I got out the secondary and the steel backplates; there's no way to slide it in place due to the glue pin/hole just aft the dorsal. Sooo what I could is to notch the middle two ribs deep enough for the backplates to fit in. My goal here is to take the weight stress of the saucer off the aft dorsal/sec hull glue joint to prevent splitting. IDK, maybe that's not even necessary once the thing is glued together.


----------



## ClubTepes (Jul 31, 2002)

Chuck_P.R. said:


> Thanks jgoldsack!
> 
> 
> Also thanks to everyone else for their advice.
> ...


Tell you what,
If your afraid of sag over decades, I suggest putting SQUARE tube stock in the nacelle struts.

I have ZERO worries about building mine without an armature.
And I have have ZERO worries about any sag over decades.

If you look at your directions, your gonna find my name.
The pattern that is in the struts, is one of the things that I really pushed for in the the engineering of this kit.
The final pattern is a collaboration between Jim, Jamie and myself.
As an example to prove the concept, I took the struts from the 22' cutaway kit (which has notoriously weak struts). One strut I glued stock and the other I put the x pattern into. Even with the simple rough concept piece which had evergreen plastic in there (which as everyone knows is also very flexible) the result was a structure that was MANY MANY times stronger and more rigid than the stock built strut. 

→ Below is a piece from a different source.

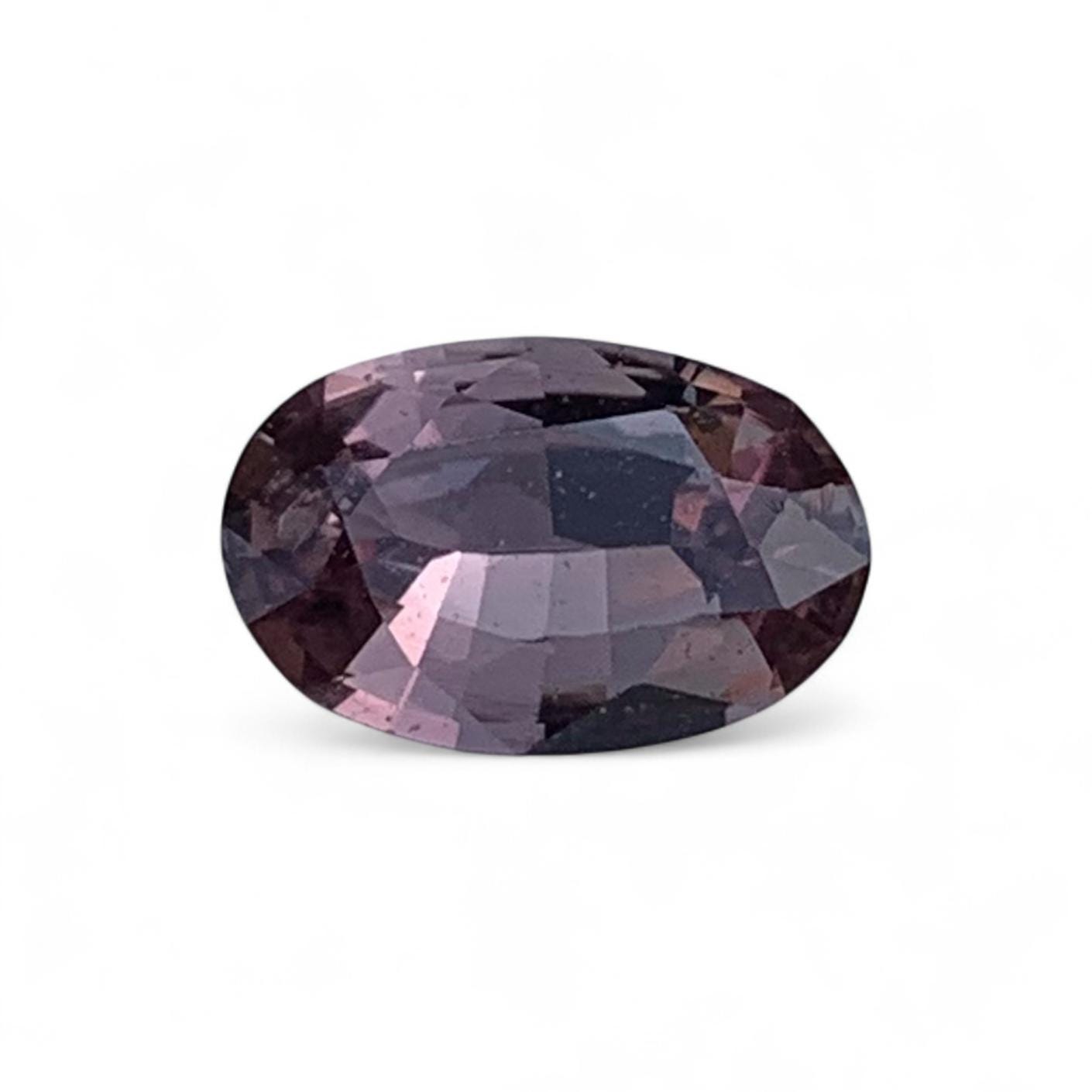 Natural Whiskey Sapphire 1.22ct Heated  Oval Cut Loose Gemstone for Ring or Pendant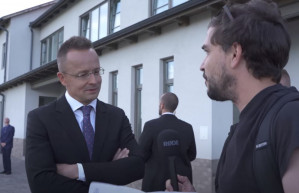 Szijjártó pontosan tudta, hogy mi az a papír, amit mutattam neki – mondta Kaufmann Balázs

My suggestions for gluing and to ensure proper straightness, is to use a solvent based glue. (one of the few times I still use tube glue - slow set up time and gap filling characteristics).
Epoxy can 'pop off' of the plastic as it is held on only by surface tension.
The thin glues are good on delicate stuff, but I think they evaporate too quickly.
Make sure you glue the x pattern.
Put the freshly glued struts on a very flat surface and place a board on top of them (spread the struts apart under the board and place weight on top of the boards to really compress them. (I used two 25lb. weights).

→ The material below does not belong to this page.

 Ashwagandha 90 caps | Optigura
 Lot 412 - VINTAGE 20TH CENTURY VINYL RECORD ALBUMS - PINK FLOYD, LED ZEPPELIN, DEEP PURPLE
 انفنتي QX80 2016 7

Again, if you alter the kit, it seems to me that you increase the variables.


----------



## RossW (Jan 12, 2000)

I agree with Mike. I glued mine up just as he suggested (apart from using clamps instead of the weights) and they're as strong as can be.


----------



## SDF-3 (Mar 15, 2010)

I have a first run 350th refit E, almost 6 yrs has not sagged a millimeter.

Even for piece of mind, it is money needlessly spent.


----------



## Proper2 (Dec 8, 2010)

SDF-3 said:


> I have a first run 350th refit E, almost 6 yrs has not sagged a millimeter.
> 
> Even for piece of mind, it is money needlessly spent.


The TOS pylons are different than the Refit. Secondly, almost 6 years is not as long as decades. And also, the value one places on piece of mind is highly subjective.


----------



## ClubTepes (Jul 31, 2002)

Proper2 said:


> The TOS pylons are different than the Refit.


Agreed.
The refit pylons have greater stress where the struts meet the secondary hull.
With less internal bracing.

I actually would consider an armature for the refit.


----------



## Trekkriffic (Mar 20, 2007)

ClubTepes said:


> Tell you what,
> If your afraid of sag over decades, I suggest putting SQUARE tube stock in the nacelle struts.
> 
> I have ZERO worries about building mine without an armature.
> ...


You engineered those struts? You deserve a pat on the back. I knew not to mess with them when I saw all that cross-bracing. Used tube glue on all the mating surfaces and they were as strong as I expected them to be once the glue dried.


----------